[AVAILABLE RECORDS]:
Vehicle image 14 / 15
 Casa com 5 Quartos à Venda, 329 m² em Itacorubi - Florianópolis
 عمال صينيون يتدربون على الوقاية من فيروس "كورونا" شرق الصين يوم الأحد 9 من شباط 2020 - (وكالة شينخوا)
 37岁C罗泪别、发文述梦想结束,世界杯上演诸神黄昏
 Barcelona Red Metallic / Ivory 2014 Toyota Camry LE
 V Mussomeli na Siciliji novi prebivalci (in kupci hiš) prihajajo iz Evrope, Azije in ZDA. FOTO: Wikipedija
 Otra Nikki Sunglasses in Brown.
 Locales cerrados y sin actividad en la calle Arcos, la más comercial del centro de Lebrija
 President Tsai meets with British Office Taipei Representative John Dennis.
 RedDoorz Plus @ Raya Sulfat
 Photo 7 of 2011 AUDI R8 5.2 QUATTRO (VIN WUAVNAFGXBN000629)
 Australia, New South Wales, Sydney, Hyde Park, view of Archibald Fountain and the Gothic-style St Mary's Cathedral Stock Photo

[WHAT YOU WILL DO]:
Copy every line of the entries in which "Photo" can be found.

[OUTPUT FOR THIS EXERCISE]:
 Photo 7 of 2011 AUDI R8 5.2 QUATTRO (VIN WUAVNAFGXBN000629)
 Australia, New South Wales, Sydney, Hyde Park, view of Archibald Fountain and the Gothic-style St Mary's Cathedral Stock Photo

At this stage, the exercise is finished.